Il blocco dei riformisti ancora contro il segretario. Dagli esteri agli interni, il Pd è diviso su tutto.

Pochissimi giorni al voto e il segretario dem Elly Schlein alza il livello dello scontro. «Meloni vuole confondere gli italiani». L’accusa. Il presidente del consiglio viene definita «pavida» per aver detto che andrà a votare non ritirando le schede. Eppure anche Sergio Mattarella nel 1999 disse che era nelle facoltà degli elettori non recarsi al voto in caso di referendum abrogativo. «Ogni elettore può decidere cosa fare, votare o non votare, votare sì, votare no». Lo stesso disse Giorgio Napolitano: «Se la Costituzione prevede che la non partecipazione della maggioranza degli aventi diritto è causa di nullità, non andare a votare è un modo per esprimersi sulla inconsistenza dell’iniziativa referendaria». Insomma c’è poco da agitarsi soprattutto perché a Schlein converrebbe prima di tutto guardarsi in casa.
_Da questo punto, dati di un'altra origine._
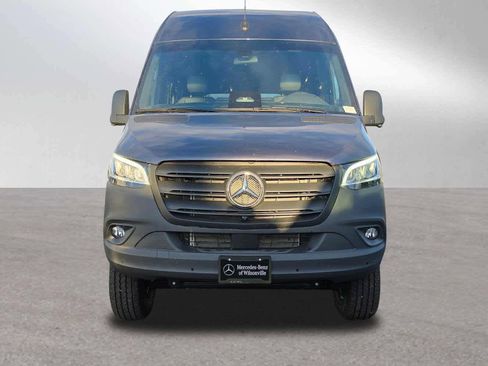Used 2026 Mercedes-Benz Sprinter 2500 image 8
Come voterà il presidente del partito, Stefano Bonaccini? «Preferisce non parlarne» commenta il già leader dei riformisti. Lui non ne parla ma la posizione dei riformisti è chiara. Il jobs act non si rinnega. Michele de Pascale: «Voterò due no e tre sì», intesi come cittadinanza, Jobs act e responsabilità negli appalti, dice il governatore dell’Emilia-Romagna, erede di Bonaccini. Gli ex ministri Lorenzo Guerini e Marianna Madia sono della stessa linea, così come i parlamentari Filippo Sensi, Lia Quartapelle e gli eurodeputati Pina Picierno e Giorgio Gori. Voteranno tutti due si e basta su cittadinanza e infortuni sul lavoro, mentre non ritireranno le 3 schede restanti. È Graziano Delrio, anche lui ex ministro, precisa solo due si «perché il resto non c’entra niente con il precariato», dice. Lo stesso per Alessandro Alfieri. «Ho sempre affermato che questi interventi sarebbe stato meglio farli in Parlamento. Ma ora è un dovere andare a votare e ognuno potrà farlo secondo coscienza».

Insomma il Pd non si mostra unito su niente, dalla politica estera a quella interna, mentre Schlein continua a guardare al campo largo. Eppure anche gli alleati vanno in ordine sparso. Il Movimento 5 stelle è per i 5 si, ma non si espone troppo. La strategia è quella di non mettere la faccia su una quasi certa sconfitta. Azione, sempre più lontana dalle posizioni del Pd, ha dichiarato che inviterà a votare solo per un si, quello sul quesito della cittadinanza. Matteo Renzi, il padrino del Jobs act, ha invitato gli elettori di Italia viva a votare sì sulla cittadinanza e chiaramente no sulla parte del lavoro.